Markets UK subcontract manufacturing market upward trend takes a dive
In the UK, the latest Contract Manufacturing Index (CMI) reveals that the steady upward trend since 2015 in the subcontract manufacturing market has taken a dive.
According to the latest Contract Manufacturing Index (CMI), the UK subcontract manufacturing market has crashed back by 37% in Q2 of 2019 compared to Q1, breaking its steady upward trend since 2015.
The index dropped to 101, just one point higher than the baseline figure of 100, which represents the average value of the subcontract market between 2014 and 2018. This is the lowest it has been since the first quarter of 2015 when the index was first published. Until this quarter the market had been steadily rising to reach a peak of 194 in March this year.

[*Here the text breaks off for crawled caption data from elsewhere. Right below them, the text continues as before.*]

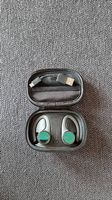 Casque bluetooth de sport
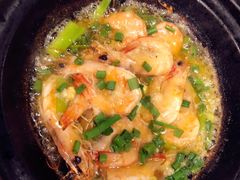 -小时候焗海鲜(鄞州万达店)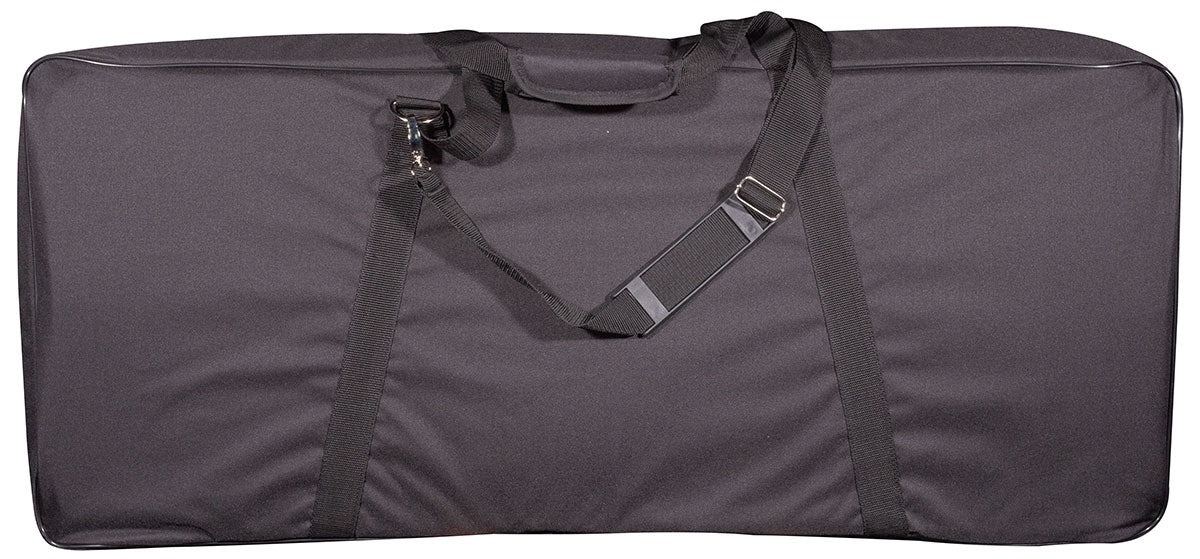 TGI Transit Series Gigbag - X-Large Keyboard 76 Note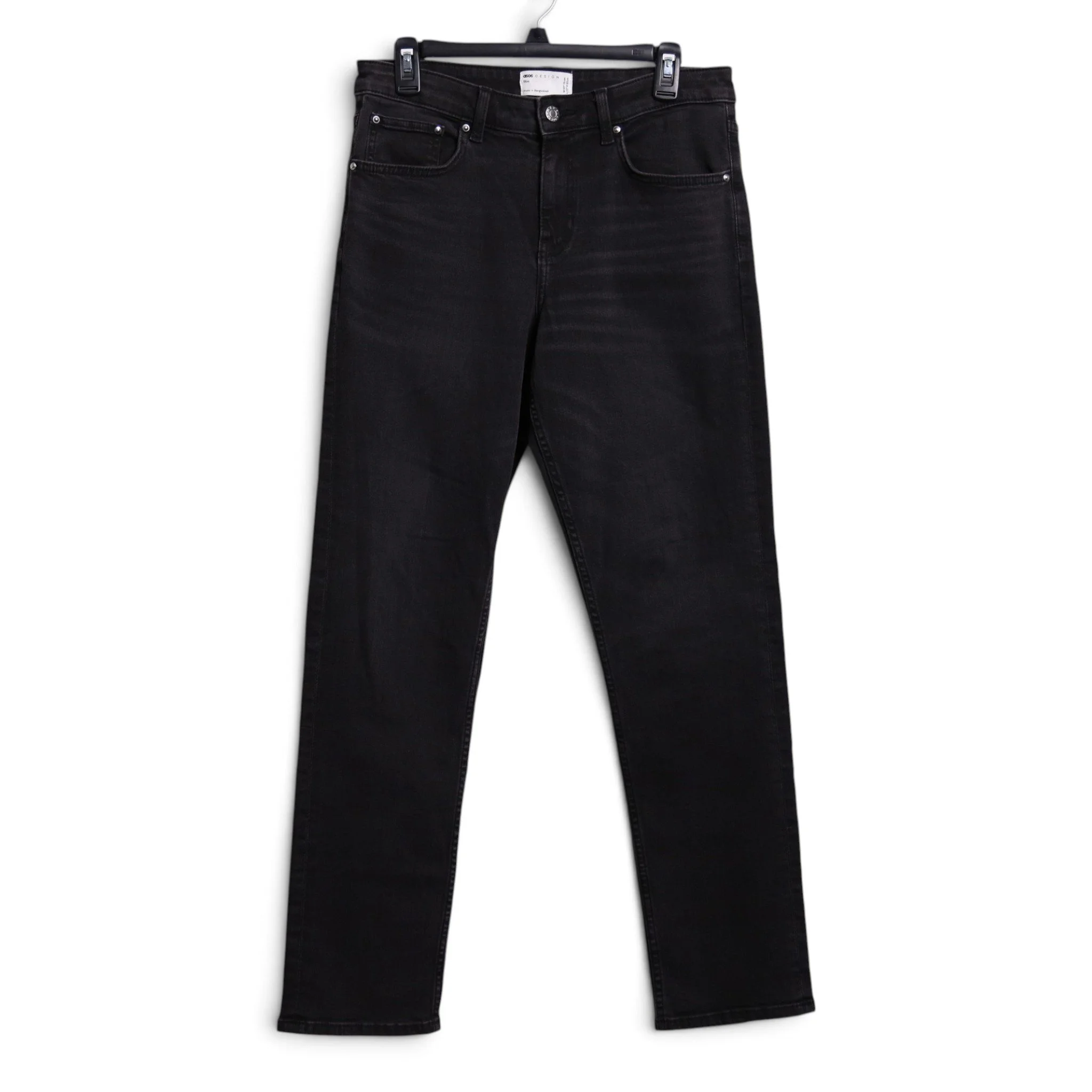 Wardrobe Inventory-168.jpg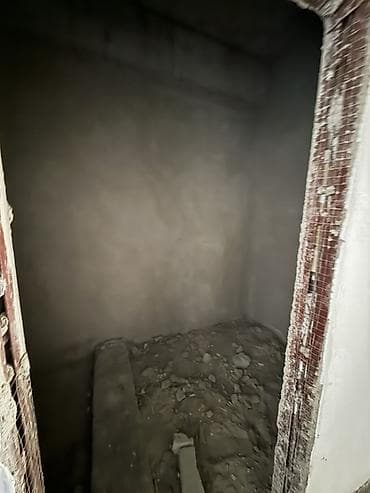 кв шлагбаум: 3 комнаты, 142 м² — 7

Within the headline figures, both machining and fabrication fell sharply while other processes, including moulding and electronic manufacturing, bounced back slightly in May. The market was fairly evenly split with machining representing 43% of the value of contracts placed and 40% for fabrication.
Independent sourcing specialist Qimtek produces the CMI on a quarterly basis, which reflects the total purchasing budget for outsourced manufacturing of companies looking to place business in any given month. The sample covers over 4,000 companies, which together have a purchasing budget of over £3.4bn and a supplier base of more than 7,000 companies with a verified turnover excessing £25bn.
Qimtek owner Karl Wigart comments on the statistic: “The market had been holding up well in the face of uncertainty over Brexit but dropped significantly in April when the UK had been due to leave the EU.” He noted that April, May and June saw a steady decline in the index, with larger companies not sending out projects, which was especially visible in the West Midlands – the heart of the automotive industry.
“This suggests that OEMs had factored a high level of precautionary Brexit stockpiling into their 2019 production schedules and then had to run these stocks down once the leaving date was postponed,” Wigart adds.